U.S. State Department spokesman Ned Price said Washington had “little faith in the intentions behind this announcement,” adding that Kremlin officials ”have given us no reason to take anything that they offer at face value.”
The Institute for the Study of War agreed the truce could be a ruse allowing Russia to regroup.
“Such a pause would disproportionately benefit Russian troops and begin to deprive Ukraine of the initiative,” the think tank said late Thursday. "Putin cannot reasonably expect Ukraine to meet the terms of this suddenly declared cease-fire, and may have called for the cease-fire to frame Ukraine as unaccommodating and unwilling to take the necessary steps toward negotiations.”
And Anna Borshchevskaya, a senior fellow at the Washington Institute, said that whether or not the cease-fire holds, “I don’t take it at face value.”

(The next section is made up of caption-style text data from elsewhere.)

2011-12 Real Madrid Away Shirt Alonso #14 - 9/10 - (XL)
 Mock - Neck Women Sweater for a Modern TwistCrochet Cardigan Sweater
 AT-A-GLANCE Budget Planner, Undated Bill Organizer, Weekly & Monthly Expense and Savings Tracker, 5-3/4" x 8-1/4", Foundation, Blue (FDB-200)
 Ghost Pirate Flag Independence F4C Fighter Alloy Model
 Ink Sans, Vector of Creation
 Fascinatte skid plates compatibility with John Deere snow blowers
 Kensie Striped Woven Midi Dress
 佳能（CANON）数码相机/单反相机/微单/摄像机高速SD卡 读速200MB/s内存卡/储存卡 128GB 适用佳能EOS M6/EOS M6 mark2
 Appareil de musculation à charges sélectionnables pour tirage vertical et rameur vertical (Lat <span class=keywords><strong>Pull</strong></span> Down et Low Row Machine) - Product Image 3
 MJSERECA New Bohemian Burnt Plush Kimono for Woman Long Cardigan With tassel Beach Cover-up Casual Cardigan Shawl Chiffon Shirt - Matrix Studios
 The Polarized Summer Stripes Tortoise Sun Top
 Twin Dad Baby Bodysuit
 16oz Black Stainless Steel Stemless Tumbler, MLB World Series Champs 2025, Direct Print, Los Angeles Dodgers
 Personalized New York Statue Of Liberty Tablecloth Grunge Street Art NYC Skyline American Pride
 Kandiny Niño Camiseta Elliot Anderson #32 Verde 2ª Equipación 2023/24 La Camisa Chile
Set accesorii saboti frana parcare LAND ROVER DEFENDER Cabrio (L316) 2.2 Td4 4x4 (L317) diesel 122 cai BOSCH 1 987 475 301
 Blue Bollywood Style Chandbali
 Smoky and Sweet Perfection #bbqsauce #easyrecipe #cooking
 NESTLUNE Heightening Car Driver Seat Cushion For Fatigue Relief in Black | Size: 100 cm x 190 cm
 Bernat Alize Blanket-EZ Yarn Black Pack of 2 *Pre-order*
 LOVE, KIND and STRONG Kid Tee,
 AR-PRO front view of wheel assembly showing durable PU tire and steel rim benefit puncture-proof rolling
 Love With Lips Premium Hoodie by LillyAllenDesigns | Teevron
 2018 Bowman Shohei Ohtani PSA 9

“When Russia announces cease-fires, in the way Russia conducts war, there are usually ulterior motives,” she said. “Historically, what the Russian government and Russian military usually do when they announce a cease-fire is to use it as a tactical opportunity, to just take a breather or gain a little bit of space.”
Meanwhile, the U.S. reiterated its support for Kyiv on Friday with a new $3.75 billion military assistance package for Ukraine and its neighbors on NATO’s eastern flank. The latest tranche of assistance will for the first time include Bradley armored vehicles for Ukraine.
The armored carrier is used to transport troops to combat and is known as a “tank-killer” because of its anti-tank missile. White House National Security Council spokesman John Kirby said the Bradleys will be particularly useful to Ukraine in ongoing fighting in largely rural areas of eastern Ukraine.
Germany, too, plans to send armored personnel carriers by the end of March.
On the streets of Kyiv, some civilians said Friday that they spoke from bitter experience in doubting Russia’s motives.
“Everybody is preparing (for an attack), because everybody remembers what happened on the new year when there were around 40 Shahed" Iranian drones, said capital resident Vasyl Kuzmenko. “But everything is possible.”
At the Vatican, Pope Francis said he was sending wishes from his heart “to the Eastern churches, both the Catholic and the Orthodox ones, that tomorrow will celebrate the birth of the Lord.” Speaking to thousands of faithful gathered in St. Peter’s Square for the Epiphany feast day, Francis said, “In a special way, I would like my wish to reach the brothers and sisters of martyred Ukraine," and prayed for peace there.